Here’s my favorite equine interest story.
Note from Sharon: I invite you to browse the Denver Post site and check the coverage. As I’ve said before, I bet fire policy seems different if you are in a part of the country that experiences it. It’s interesting to consider if there would be a difference if this was coverage by the NY Times or LA Times or Washington Post, and if local people there were breathing the smoke and having bad air days (to be sure, that does happen in LA, but national policy is not made there). At church today, there were prayers for the firefighters and evacuees but also the folks who are having trouble breathing in Fort Collins. I guess what I’m trying to convey is that my work world only vaguely interfaces with the people I deal with outside of work (when are campgrounds open) but fire here is as omnipresent as the air we breath. That makes reactions to policies as visceral as (we often debate here) cerebral.
On another topic, no one seems to be saying that aerial tactics are “immoral”; in fact, the concern is quite the opposite- that we don’t have enough capacity for this fire season.

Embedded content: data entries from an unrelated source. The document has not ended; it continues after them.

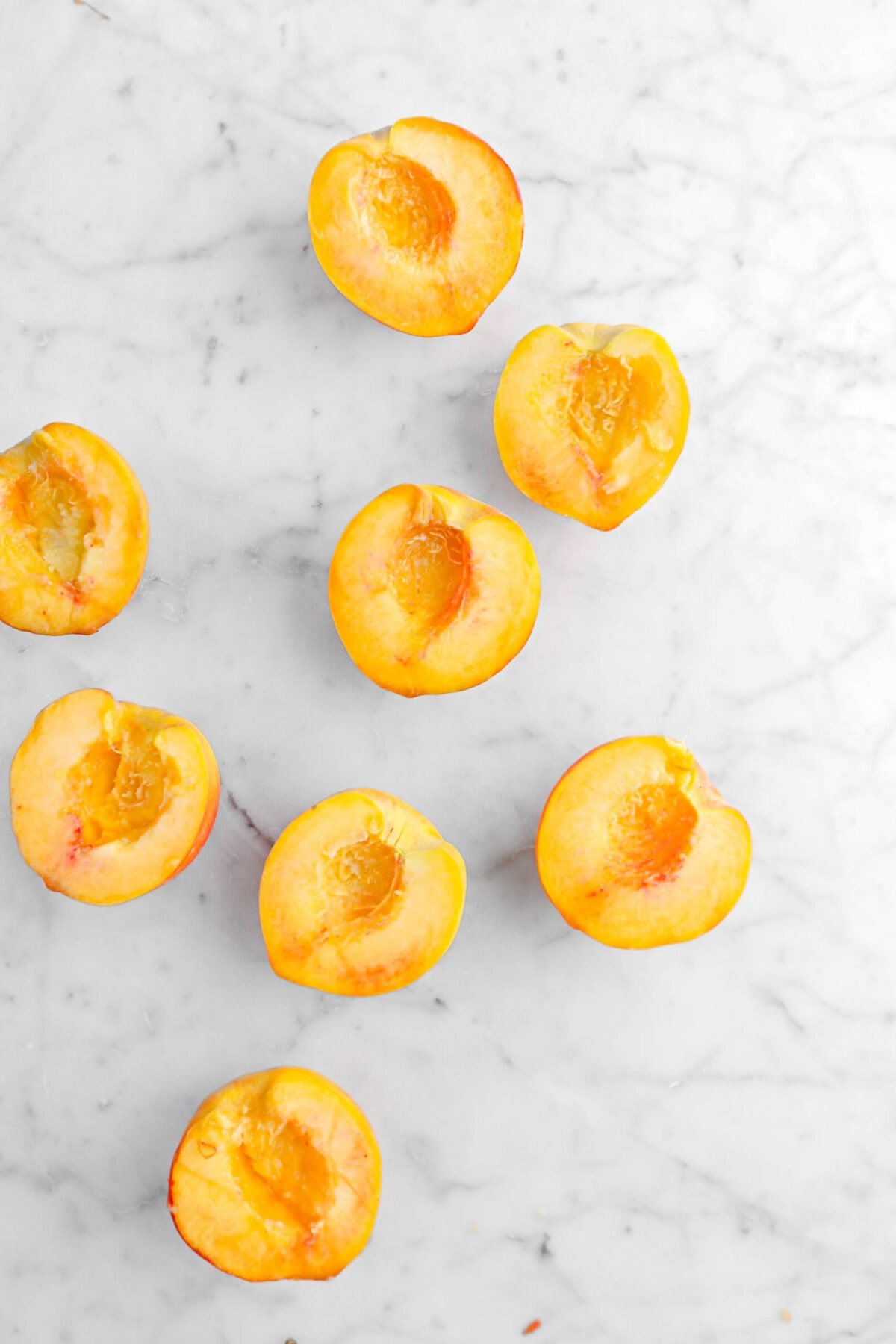 halved peaches on marble surface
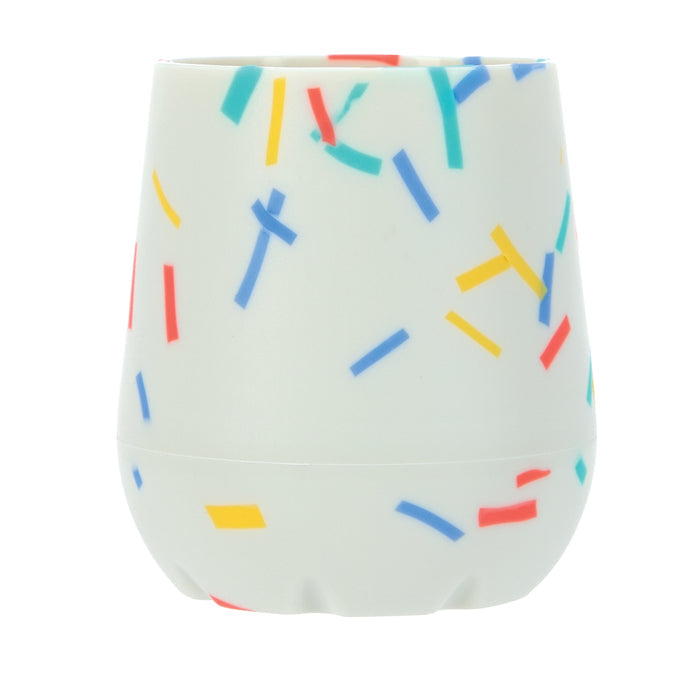 The Nuby US Baby's First Mini Sipper Training Cup is a white silicone cup with a curved design and matte finish, decorated with blue, red, yellow, and green confetti sprinkles—perfect for open cup training.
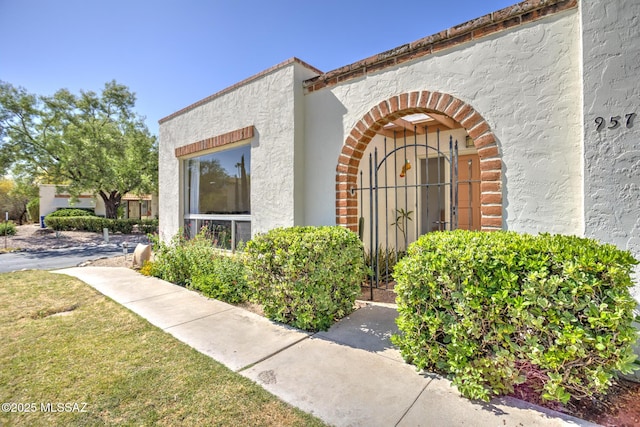 957 N Camino Las Solanas, Tucson, AZ 85710 - entrance to property featuring stucco siding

Finally, I see a pattern in “environment” reporting- some technology (solar panels, fire retardant) has environmental impacts (as do all technologies, and pretty much all human and non-human actions), so people are interviewed who point out the problems. One wonders whether any technology would have an appropriate level of impact based on the values of some. Further, I think it’s interesting that we seem to have articles discussing these impacts at different frequencies for different technologies. For example, having read may pieces recently about cool new technologies in health care, I seldom see a companion piece on the environmental effects. It’s something to perhaps become more aware of.